Records from a collection:

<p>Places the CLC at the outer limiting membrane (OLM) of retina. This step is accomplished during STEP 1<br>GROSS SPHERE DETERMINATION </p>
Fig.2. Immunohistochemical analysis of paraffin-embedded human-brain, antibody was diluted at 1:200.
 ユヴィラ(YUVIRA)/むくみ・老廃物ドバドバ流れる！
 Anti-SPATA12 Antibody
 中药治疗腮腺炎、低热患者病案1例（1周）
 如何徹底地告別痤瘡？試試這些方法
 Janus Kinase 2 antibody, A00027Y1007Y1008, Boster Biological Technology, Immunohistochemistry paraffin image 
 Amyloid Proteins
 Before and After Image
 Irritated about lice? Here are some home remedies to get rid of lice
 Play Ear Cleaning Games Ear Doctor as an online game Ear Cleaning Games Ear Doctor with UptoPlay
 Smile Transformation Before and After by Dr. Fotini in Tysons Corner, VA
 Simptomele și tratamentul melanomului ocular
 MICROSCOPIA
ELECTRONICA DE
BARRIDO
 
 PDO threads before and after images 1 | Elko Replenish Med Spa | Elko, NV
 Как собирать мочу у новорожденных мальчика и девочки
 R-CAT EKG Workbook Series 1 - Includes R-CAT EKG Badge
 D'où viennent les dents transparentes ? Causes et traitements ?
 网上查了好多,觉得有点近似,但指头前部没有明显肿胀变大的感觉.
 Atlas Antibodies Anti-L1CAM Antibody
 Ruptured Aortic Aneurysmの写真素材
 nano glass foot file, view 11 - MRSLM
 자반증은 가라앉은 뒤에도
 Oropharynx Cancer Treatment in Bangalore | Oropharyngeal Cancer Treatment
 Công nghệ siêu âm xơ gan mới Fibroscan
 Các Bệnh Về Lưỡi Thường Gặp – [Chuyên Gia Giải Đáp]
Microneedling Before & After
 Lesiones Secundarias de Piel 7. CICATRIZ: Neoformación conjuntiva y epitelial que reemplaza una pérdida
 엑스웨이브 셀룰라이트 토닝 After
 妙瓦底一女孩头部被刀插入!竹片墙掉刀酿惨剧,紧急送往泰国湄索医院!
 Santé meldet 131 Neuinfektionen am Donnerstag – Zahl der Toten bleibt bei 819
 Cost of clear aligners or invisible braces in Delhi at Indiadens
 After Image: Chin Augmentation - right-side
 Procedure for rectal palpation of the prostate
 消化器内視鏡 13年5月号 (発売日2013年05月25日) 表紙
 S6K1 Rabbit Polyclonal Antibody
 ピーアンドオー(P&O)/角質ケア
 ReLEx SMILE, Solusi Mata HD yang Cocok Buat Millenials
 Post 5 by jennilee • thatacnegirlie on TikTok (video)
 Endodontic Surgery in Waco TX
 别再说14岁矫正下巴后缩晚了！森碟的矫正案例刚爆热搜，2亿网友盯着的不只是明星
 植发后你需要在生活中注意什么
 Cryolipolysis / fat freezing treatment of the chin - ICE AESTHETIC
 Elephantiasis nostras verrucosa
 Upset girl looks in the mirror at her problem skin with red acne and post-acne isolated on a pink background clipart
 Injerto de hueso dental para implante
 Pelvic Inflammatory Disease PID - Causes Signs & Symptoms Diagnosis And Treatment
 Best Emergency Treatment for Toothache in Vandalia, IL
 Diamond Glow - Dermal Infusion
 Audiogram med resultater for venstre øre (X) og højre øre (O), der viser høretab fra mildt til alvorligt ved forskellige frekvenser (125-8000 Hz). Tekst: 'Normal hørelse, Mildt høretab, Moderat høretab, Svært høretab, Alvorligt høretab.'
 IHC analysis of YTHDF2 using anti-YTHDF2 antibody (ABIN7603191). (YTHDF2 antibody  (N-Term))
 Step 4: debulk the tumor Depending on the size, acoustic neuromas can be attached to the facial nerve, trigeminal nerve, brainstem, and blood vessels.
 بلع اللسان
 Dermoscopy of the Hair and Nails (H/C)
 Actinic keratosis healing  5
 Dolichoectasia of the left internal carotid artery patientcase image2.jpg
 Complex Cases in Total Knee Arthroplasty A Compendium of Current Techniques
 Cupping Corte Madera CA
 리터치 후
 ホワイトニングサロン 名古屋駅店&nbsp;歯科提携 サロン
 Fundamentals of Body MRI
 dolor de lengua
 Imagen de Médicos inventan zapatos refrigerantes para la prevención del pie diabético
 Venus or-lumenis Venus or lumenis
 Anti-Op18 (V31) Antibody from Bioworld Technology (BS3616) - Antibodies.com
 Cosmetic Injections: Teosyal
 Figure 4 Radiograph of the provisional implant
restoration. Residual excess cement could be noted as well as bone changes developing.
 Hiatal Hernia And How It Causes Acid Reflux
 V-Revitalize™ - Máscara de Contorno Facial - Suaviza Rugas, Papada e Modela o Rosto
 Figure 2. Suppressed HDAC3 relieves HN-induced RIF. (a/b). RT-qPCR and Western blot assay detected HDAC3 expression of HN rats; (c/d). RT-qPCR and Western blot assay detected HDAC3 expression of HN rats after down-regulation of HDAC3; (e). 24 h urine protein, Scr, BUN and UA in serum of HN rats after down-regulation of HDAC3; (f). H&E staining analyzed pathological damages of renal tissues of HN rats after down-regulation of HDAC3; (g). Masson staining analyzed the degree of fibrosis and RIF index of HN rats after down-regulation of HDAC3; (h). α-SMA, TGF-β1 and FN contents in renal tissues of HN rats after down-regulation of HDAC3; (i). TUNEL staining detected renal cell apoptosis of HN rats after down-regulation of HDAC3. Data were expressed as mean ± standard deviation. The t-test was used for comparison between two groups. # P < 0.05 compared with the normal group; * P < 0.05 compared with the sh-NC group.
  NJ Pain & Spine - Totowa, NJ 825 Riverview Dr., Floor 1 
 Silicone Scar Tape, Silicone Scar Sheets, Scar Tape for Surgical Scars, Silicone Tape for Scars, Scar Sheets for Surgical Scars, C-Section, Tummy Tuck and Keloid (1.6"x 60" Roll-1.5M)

▶ **YOUR TASK**
Retype exactly the lines of the data above that fall between the line with "Diamond Glow - Dermal Infusion" and the line with "Figure 4 Radiograph", inclusive, and add nothing.

▶ **RESULT OF THIS TASK**
 Diamond Glow - Dermal Infusion
 Audiogram med resultater for venstre øre (X) og højre øre (O), der viser høretab fra mildt til alvorligt ved forskellige frekvenser (125-8000 Hz). Tekst: 'Normal hørelse, Mildt høretab, Moderat høretab, Svært høretab, Alvorligt høretab.'
 IHC analysis of YTHDF2 using anti-YTHDF2 antibody (ABIN7603191). (YTHDF2 antibody  (N-Term))
 Step 4: debulk the tumor Depending on the size, acoustic neuromas can be attached to the facial nerve, trigeminal nerve, brainstem, and blood vessels.
 بلع اللسان
 Dermoscopy of the Hair and Nails (H/C)
 Actinic keratosis healing  5
 Dolichoectasia of the left internal carotid artery patientcase image2.jpg
 Complex Cases in Total Knee Arthroplasty A Compendium of Current Techniques
 Cupping Corte Madera CA
 리터치 후
 ホワイトニングサロン 名古屋駅店&nbsp;歯科提携 サロン
 Fundamentals of Body MRI
 dolor de lengua
 Imagen de Médicos inventan zapatos refrigerantes para la prevención del pie diabético
 Venus or-lumenis Venus or lumenis
 Anti-Op18 (V31) Antibody from Bioworld Technology (BS3616) - Antibodies.com
 Cosmetic Injections: Teosyal
 Figure 4 Radiograph of the provisional implant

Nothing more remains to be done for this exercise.